Tol Fungsional Ambarawa–Bawen Dipantau Radar, Keselamatan Jadi Syarat Utama Operasional

Ali Sodiqin • Senin, 26 Januari 2026 | 18:30 WIB
Tol fungsional Ambarawa–Bawen dipantau radar dan traffic counting. Pemerintah menegaskan keselamatan jadi syarat utama operasi saat Lebaran.
Tol fungsional Ambarawa–Bawen dipantau radar dan traffic counting. Pemerintah menegaskan keselamatan jadi syarat utama operasi saat Lebaran.

RADARBANYUWANGI.ID - Pengoperasian tol fungsional Seksi 6 Ambarawa–Bawen terus dimatangkan menjelang arus mudik dan balik Lebaran.

Aspek keselamatan dan pengaturan lalu lintas menjadi perhatian utama pemerintah bersama badan usaha jalan tol agar keberadaan jalur fungsional ini benar-benar memberi manfaat bagi masyarakat.

Untuk mendukung pengaturan lalu lintas, Jasa Marga akan memasang radar dan perangkat traffic counting di sejumlah titik strategis.

Perangkat tersebut berfungsi memantau volume kendaraan sebelum memasuki jalur tol fungsional, sehingga arus lalu lintas dapat dikendalikan secara real time.

Direktur Utama Jasa Marga Rivan A. Purwantono menjelaskan, pemasangan radar dan traffic counting menjadi bagian dari upaya antisipasi lonjakan kendaraan, khususnya di sekitar Bawen yang diprediksi menjadi simpul pertemuan arus dari berbagai arah.

“Kami akan memasang radar dan traffic counting untuk memantau volume kendaraan sebelum memasuki jalur fungsional. Prediksi kendaraan keluar Bawen sekitar 18 ribu kendaraan per hari, dengan rata-rata 1.200 kendaraan per jam. Ini masih sangat memungkinkan untuk diatur,” terang Rivan.

Menurutnya, data lalu lintas yang terekam akan menjadi dasar pengambilan keputusan cepat di lapangan, termasuk penerapan rekayasa lalu lintas apabila terjadi peningkatan volume kendaraan secara signifikan.

Keselamatan Jadi Syarat Mutlak

Sementara itu, Direktur Jenderal Perhubungan Darat Kementerian Perhubungan, Aan Suhanan, menegaskan bahwa keselamatan merupakan syarat utama sebelum tol fungsional dioperasikan.

Pemerintah tidak akan memberikan izin pengoperasian jika standar keselamatan belum terpenuhi.

Tol fungsional Seksi 6 Ambarawa–Bawen dinilai sangat membantu masyarakat, khususnya pengguna jalan yang menuju Temanggung dan Magelang, karena dapat memangkas waktu tempuh dan mengurangi kepadatan di jalan arteri.
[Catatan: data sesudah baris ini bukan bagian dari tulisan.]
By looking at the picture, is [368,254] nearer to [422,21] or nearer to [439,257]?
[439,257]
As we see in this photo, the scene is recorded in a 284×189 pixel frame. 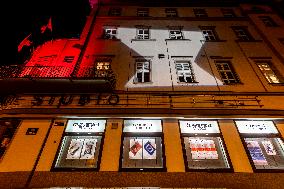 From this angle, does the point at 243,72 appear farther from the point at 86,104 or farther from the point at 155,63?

“Kami memastikan sarana dan prasarana memenuhi standar keselamatan. Tol tidak akan dioperasionalkan secara fungsional jika standar minimal keselamatan jalan belum terpenuhi,” tegas Aan.

Ia menambahkan, pengecekan dilakukan secara menyeluruh, mulai dari kondisi perkerasan jalan, rambu dan marka, penerangan, hingga kesiapan petugas di lapangan.

Semua aspek tersebut harus memenuhi ketentuan sebelum tol fungsional digunakan oleh masyarakat.

Dukungan Jasa Raharja

Dari sisi perlindungan pengguna jalan, Direktur Utama Jasa Raharja, Muhammad Awaluddin, menyatakan kesiapan pihaknya untuk mendukung pengoperasian tol fungsional dan penerapan rekayasa lalu lintas.

Langkah ini dinilai penting untuk menekan angka kecelakaan selama arus mudik dan balik Lebaran.

“Keselamatan transportasi menjadi prioritas utama. Dengan dua upaya besar ini, kami berharap dapat meningkatkan keselamatan pemudik sekaligus menurunkan angka kecelakaan, baik dari sisi jumlah kejadian maupun fatalitas,” ujarnya.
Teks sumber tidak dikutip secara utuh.